Mr Bala’s case was especially worrying because it demonstrated the extremes to which aggrieved politicians can go to retaliate against unfavourable comment. His cartoon, which went viral on social media, was based on the news of the suicide of an indebted farmer family that was being harassed by loan-sharks, despite multiple appeals to the district collector. It parodied, in admittedly cruel terms, the collective indifference of the state administration – the collector, the police commissioners and the chief minister – to the plight of its citizens. The complaint against Mr Bala was lodged by the collector on the flimsiest of charges. It was on this basis that the embattled chief minister, E Palanisami, ordered his arrest and incarceration on terms that entirely violated court-mandated guidelines. When a local bureaucrat is empowered by his political bosses to suborn free speech in this extra-judicial manner, it is surely time to worry. It is unclear why none of the state actors concerned took recourse to the process of judicial appeal if their sentiments were so hurt.

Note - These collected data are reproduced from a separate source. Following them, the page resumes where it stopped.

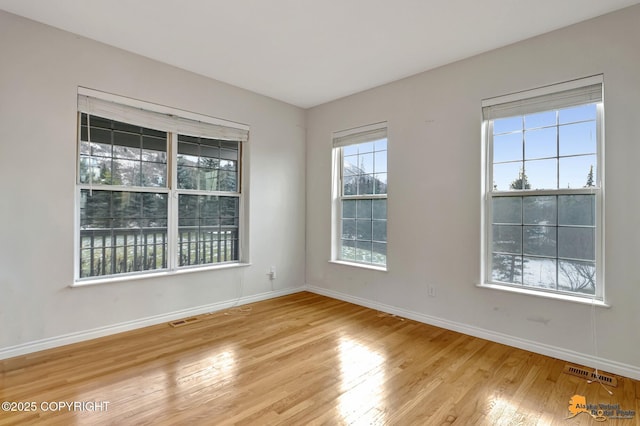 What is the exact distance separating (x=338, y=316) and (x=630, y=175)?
2.87 m

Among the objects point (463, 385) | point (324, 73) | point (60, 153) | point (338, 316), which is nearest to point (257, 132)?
point (324, 73)

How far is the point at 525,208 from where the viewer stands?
2885 mm

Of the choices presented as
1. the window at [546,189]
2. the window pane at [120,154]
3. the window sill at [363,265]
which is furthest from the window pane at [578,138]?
the window pane at [120,154]

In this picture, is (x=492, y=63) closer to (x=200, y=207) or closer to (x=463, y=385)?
(x=463, y=385)

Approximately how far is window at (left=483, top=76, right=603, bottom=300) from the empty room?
2cm

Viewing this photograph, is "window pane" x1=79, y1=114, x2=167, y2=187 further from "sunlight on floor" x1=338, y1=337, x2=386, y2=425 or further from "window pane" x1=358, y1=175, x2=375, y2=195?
"sunlight on floor" x1=338, y1=337, x2=386, y2=425

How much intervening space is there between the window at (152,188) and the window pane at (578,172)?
11.2 feet

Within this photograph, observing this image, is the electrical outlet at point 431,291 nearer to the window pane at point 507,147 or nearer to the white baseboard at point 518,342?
the white baseboard at point 518,342

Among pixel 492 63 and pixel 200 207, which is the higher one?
pixel 492 63

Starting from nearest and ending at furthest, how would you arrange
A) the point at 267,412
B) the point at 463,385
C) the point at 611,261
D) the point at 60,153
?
the point at 267,412, the point at 463,385, the point at 611,261, the point at 60,153

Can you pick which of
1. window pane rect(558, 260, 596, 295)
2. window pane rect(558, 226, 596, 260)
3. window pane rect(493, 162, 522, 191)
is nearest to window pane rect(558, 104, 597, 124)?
window pane rect(493, 162, 522, 191)

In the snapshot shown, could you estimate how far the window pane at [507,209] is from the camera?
293 centimetres

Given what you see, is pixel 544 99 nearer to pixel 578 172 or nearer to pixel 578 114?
pixel 578 114

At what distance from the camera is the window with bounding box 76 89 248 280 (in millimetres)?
3039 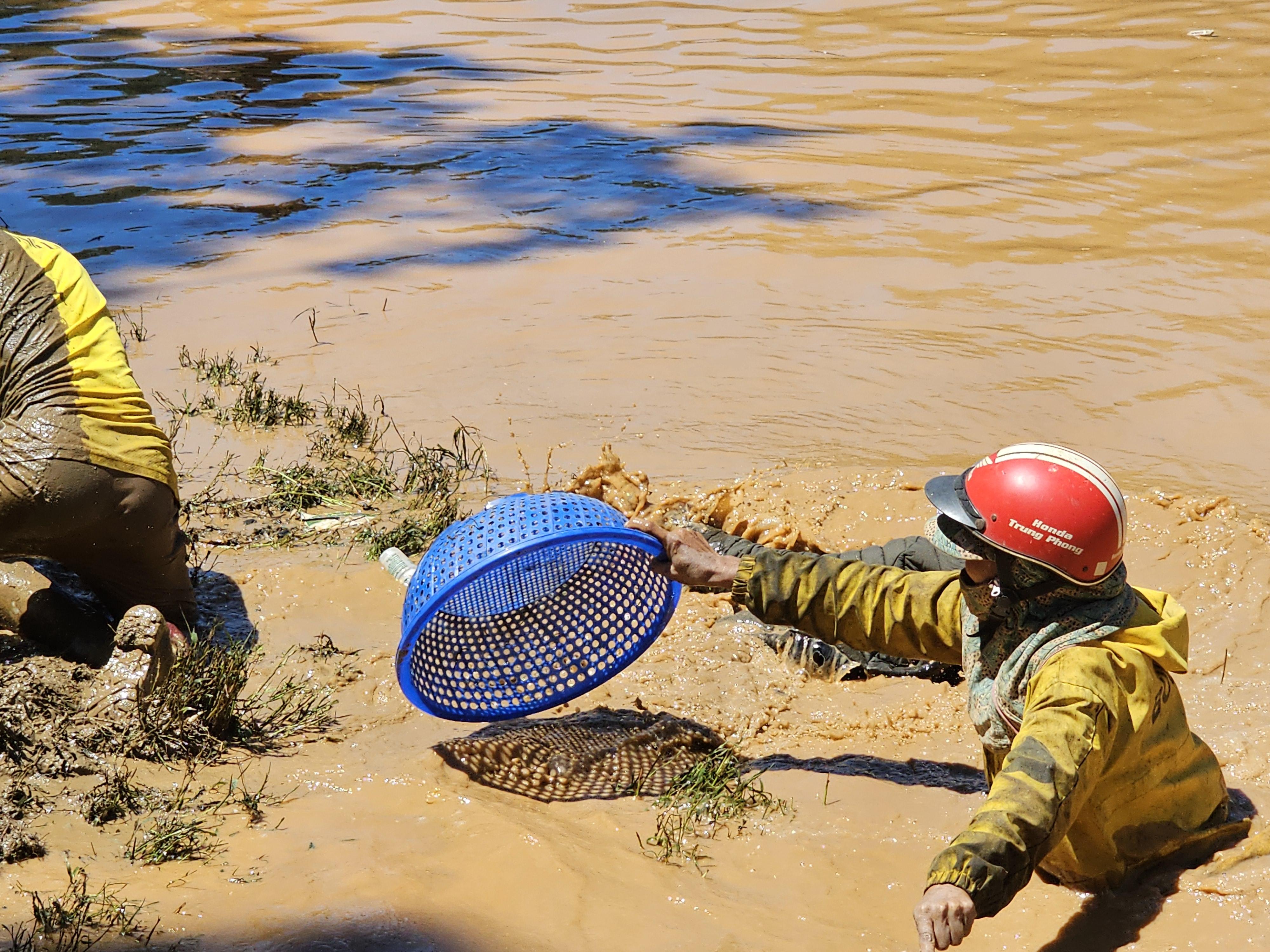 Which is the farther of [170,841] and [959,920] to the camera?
[170,841]

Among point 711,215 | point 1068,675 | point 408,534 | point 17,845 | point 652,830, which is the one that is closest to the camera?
Result: point 1068,675

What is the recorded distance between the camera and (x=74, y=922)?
2.49 m

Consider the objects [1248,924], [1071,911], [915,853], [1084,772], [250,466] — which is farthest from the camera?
[250,466]

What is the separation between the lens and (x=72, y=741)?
328cm

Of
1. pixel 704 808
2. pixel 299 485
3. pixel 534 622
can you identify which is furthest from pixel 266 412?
pixel 704 808

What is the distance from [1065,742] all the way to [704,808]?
1.05 metres

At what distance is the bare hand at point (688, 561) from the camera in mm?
3320

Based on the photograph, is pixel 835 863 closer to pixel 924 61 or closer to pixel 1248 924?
pixel 1248 924

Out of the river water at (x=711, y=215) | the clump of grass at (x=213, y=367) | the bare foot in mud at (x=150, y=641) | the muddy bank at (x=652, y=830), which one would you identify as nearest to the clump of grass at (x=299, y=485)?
the muddy bank at (x=652, y=830)

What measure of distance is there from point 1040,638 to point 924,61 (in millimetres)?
11351

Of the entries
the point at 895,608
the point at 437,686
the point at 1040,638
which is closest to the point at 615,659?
the point at 437,686

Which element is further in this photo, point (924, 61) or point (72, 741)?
point (924, 61)

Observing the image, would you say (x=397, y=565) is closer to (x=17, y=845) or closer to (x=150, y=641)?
(x=150, y=641)

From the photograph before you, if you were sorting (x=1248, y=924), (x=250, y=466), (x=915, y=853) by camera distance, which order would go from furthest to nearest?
(x=250, y=466) → (x=915, y=853) → (x=1248, y=924) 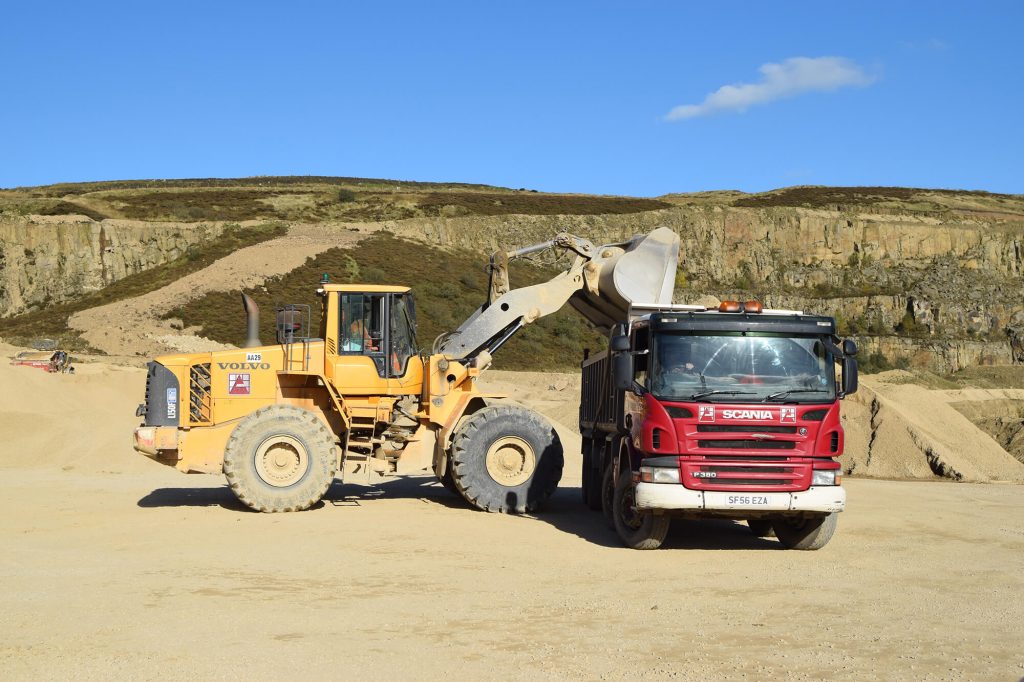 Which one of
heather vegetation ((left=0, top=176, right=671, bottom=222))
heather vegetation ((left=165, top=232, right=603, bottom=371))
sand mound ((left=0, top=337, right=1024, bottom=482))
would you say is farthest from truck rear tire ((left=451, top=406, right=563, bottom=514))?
heather vegetation ((left=0, top=176, right=671, bottom=222))

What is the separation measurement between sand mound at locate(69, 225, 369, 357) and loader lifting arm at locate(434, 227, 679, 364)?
1126 inches

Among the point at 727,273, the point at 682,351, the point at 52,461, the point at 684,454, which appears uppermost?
the point at 727,273

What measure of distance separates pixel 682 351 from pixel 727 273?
65695 millimetres

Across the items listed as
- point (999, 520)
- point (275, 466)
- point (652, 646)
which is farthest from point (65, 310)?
point (652, 646)

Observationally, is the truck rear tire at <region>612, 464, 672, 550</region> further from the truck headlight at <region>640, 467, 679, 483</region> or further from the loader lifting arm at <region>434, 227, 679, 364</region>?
the loader lifting arm at <region>434, 227, 679, 364</region>

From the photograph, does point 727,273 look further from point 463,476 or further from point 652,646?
point 652,646

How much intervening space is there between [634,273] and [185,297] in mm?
38218

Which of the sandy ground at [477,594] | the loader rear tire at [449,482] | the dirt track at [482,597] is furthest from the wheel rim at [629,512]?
the loader rear tire at [449,482]

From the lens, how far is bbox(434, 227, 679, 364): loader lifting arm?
15266mm

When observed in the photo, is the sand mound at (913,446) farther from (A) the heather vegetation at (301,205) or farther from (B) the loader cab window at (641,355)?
(A) the heather vegetation at (301,205)

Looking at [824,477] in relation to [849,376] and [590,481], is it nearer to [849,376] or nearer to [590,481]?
[849,376]

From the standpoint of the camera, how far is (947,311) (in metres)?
68.2

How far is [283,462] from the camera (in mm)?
13984

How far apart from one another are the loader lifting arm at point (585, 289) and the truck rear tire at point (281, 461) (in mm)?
2448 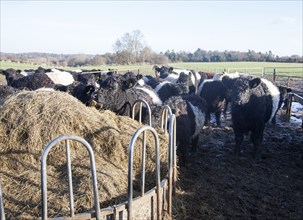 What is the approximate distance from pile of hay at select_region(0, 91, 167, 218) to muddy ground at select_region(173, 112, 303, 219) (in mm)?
1387

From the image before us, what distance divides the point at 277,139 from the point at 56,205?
841 cm

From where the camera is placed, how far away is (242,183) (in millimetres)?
6770

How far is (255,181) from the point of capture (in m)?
6.89

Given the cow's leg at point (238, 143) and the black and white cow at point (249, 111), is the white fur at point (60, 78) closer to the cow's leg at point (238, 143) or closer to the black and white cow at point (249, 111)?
the black and white cow at point (249, 111)

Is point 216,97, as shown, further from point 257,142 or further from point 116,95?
point 116,95

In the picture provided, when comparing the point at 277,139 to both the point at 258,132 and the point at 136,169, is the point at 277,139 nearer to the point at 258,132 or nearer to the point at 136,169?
the point at 258,132

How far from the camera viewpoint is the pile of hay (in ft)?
11.2

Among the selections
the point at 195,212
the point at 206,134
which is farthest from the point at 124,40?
the point at 195,212

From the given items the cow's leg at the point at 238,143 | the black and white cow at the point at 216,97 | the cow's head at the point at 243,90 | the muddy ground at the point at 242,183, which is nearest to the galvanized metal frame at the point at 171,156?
the muddy ground at the point at 242,183

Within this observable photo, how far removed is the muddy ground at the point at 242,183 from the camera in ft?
18.1

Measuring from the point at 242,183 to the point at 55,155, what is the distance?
14.1ft

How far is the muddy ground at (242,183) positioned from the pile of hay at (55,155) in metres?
1.39

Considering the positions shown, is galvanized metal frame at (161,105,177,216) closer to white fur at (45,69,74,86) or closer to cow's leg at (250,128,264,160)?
cow's leg at (250,128,264,160)

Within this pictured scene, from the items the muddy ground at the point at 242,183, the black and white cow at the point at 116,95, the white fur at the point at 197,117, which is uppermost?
the black and white cow at the point at 116,95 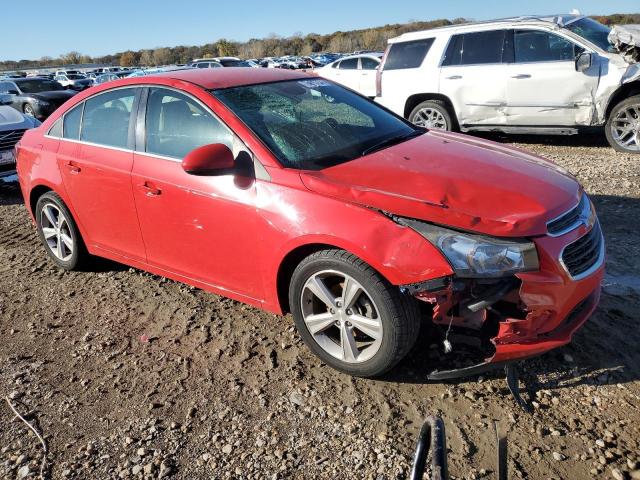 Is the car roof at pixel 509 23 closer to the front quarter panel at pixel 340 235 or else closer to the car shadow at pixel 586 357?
the car shadow at pixel 586 357

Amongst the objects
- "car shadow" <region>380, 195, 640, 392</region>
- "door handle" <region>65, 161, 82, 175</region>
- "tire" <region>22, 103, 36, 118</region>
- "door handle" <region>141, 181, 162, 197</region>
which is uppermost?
"door handle" <region>65, 161, 82, 175</region>

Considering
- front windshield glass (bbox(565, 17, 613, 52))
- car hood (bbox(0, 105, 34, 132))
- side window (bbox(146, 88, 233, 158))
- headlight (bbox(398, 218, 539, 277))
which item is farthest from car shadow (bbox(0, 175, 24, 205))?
front windshield glass (bbox(565, 17, 613, 52))

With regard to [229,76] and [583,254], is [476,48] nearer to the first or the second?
[229,76]

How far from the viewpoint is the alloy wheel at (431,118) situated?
8867mm

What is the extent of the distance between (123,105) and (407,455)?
3129mm

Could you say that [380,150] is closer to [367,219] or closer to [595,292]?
[367,219]

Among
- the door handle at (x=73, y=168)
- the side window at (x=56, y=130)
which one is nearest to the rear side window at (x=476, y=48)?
the side window at (x=56, y=130)

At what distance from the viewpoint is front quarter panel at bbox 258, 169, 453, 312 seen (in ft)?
8.38

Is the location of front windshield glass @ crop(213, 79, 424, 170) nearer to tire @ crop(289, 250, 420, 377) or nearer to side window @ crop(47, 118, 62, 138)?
tire @ crop(289, 250, 420, 377)

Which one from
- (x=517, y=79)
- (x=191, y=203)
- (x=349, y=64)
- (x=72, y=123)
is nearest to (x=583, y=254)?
(x=191, y=203)

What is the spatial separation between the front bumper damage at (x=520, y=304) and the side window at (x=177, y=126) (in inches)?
63.2

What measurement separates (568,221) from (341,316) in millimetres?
1287

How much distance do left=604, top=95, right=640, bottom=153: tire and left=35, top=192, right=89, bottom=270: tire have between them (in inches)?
273

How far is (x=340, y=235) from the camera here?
2.72 meters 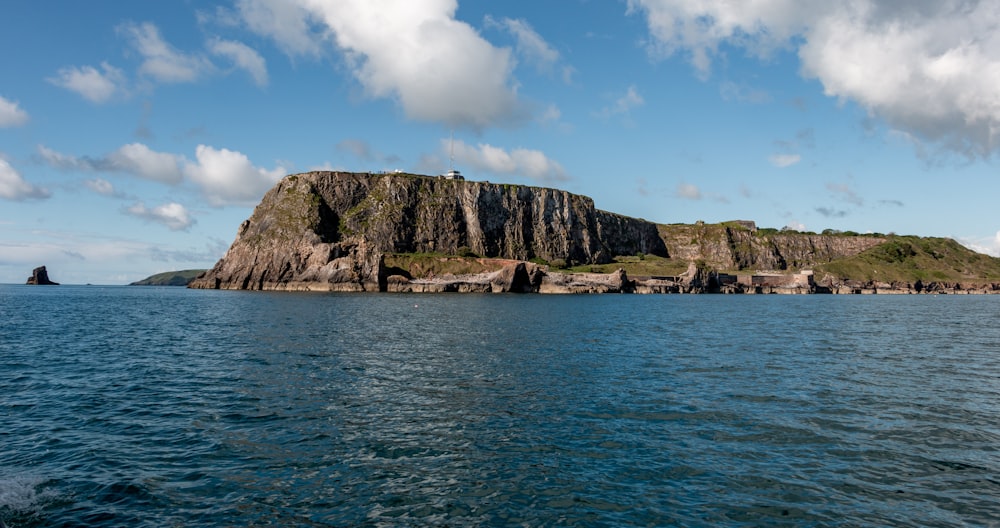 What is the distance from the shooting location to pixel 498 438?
19.0 m

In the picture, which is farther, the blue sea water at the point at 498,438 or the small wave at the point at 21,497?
the blue sea water at the point at 498,438

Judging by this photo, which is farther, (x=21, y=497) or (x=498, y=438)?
(x=498, y=438)

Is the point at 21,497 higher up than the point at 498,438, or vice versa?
the point at 498,438

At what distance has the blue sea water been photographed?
13.6m

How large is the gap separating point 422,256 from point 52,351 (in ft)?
484

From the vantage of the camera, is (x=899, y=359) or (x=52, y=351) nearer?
(x=899, y=359)

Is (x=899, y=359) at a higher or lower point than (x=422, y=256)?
lower

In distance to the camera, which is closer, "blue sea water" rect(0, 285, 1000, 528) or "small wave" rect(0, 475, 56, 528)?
"small wave" rect(0, 475, 56, 528)

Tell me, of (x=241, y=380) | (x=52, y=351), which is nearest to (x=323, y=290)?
(x=52, y=351)

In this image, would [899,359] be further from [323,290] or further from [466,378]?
[323,290]

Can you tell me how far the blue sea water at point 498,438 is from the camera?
13.6 metres

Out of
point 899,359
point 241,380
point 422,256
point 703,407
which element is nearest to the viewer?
point 703,407

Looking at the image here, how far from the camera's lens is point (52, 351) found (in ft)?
133

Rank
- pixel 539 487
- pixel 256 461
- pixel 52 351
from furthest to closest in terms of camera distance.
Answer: pixel 52 351 → pixel 256 461 → pixel 539 487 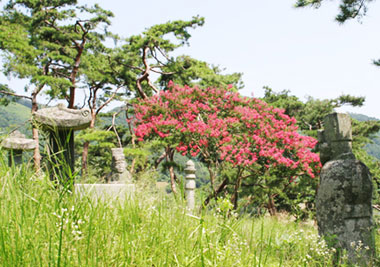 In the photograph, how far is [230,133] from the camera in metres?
7.80

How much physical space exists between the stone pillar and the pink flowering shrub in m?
3.42

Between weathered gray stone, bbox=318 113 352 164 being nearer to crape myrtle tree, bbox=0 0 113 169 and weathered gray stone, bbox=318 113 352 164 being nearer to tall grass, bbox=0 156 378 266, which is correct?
tall grass, bbox=0 156 378 266

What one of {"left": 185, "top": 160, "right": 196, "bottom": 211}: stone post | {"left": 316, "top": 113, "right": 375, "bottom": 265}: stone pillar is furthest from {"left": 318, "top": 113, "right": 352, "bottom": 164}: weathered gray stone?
{"left": 185, "top": 160, "right": 196, "bottom": 211}: stone post

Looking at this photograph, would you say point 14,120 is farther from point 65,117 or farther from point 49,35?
point 65,117

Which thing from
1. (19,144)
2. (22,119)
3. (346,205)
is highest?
(22,119)

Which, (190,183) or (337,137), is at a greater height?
(337,137)

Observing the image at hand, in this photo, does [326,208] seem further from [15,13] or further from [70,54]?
[15,13]

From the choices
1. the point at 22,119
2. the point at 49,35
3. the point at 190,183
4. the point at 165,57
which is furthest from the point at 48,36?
the point at 22,119

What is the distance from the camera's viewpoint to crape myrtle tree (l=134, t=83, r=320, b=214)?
7.29m

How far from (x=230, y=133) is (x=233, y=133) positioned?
8cm

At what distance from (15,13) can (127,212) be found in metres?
13.4

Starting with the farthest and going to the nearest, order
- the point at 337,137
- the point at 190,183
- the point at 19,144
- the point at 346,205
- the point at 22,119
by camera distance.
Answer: the point at 22,119 → the point at 190,183 → the point at 19,144 → the point at 337,137 → the point at 346,205

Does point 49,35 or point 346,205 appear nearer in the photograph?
point 346,205

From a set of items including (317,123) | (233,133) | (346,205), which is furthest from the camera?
(317,123) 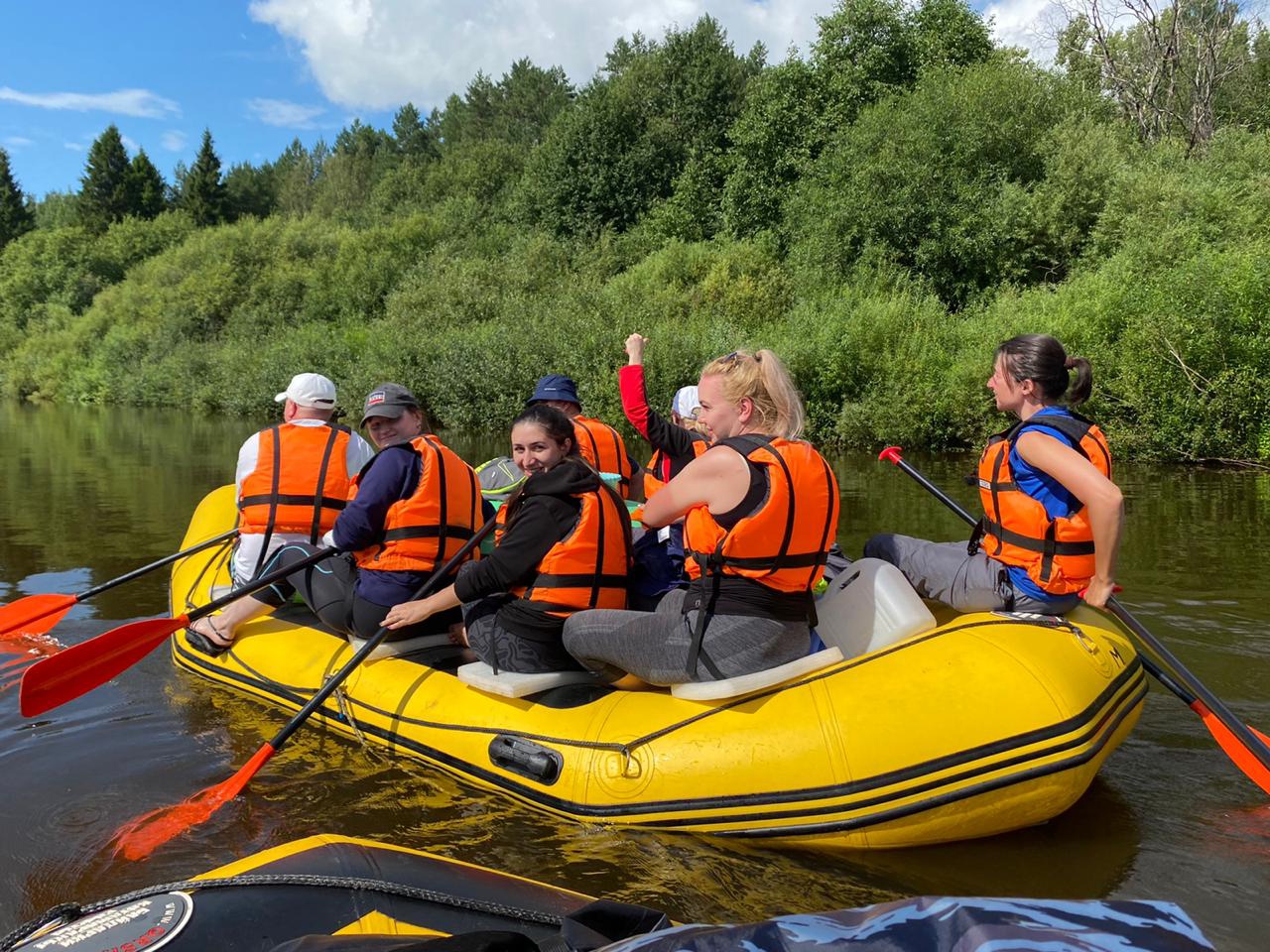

This incident is part of a steadily lengthening list of examples of politicians suborning the state apparatus to suppress critical comment. In Karnataka, two journalists were sentenced by the Speaker of the Assembly for writing allegedly defamatory articles. In Rajasthan, the government passed an ordinance to bar the media from reporting without its sanction accusations against civil servants, judges and magistrates. A television channel chose to drop the telecast of the talented comedian, Shyam Rangila, mimicking Prime Minister Narendra Modi. The episode, which predictably went viral on social media soon after, was about as harmless as you can get, yet fears of displeasing a regime that has demonstrated an extraordinary degree of sensitivity to the mildest of criticism are high enough for the media to begin a rigorous process of self-censorship. In June, a comedian was arrested by the Mumbai police for an equally harmless meme on the prime minister. In Gujarat, a lower court passed an extraordinary order restraining a website from publishing a report on Bharatiya Janata Party president Amit Shah’s son Jay Shah, who had filed a defamation suit against it for an earlier article. The unpunished intimidation and hate speech are not limited to media alone. On Thursday, a fringe group in Rajasthan called the Karni Sena threatened actor Deepika Padukone with physical harm, escalating its protests against the film Padmavati, which features the actor in the title role. Indian politicians urgently need to emulate their peers in developed western democracies where neither royalty nor heads of states are spared the satire of writer and cartoonist. Those democracies are the stronger for their free press. India would be, too.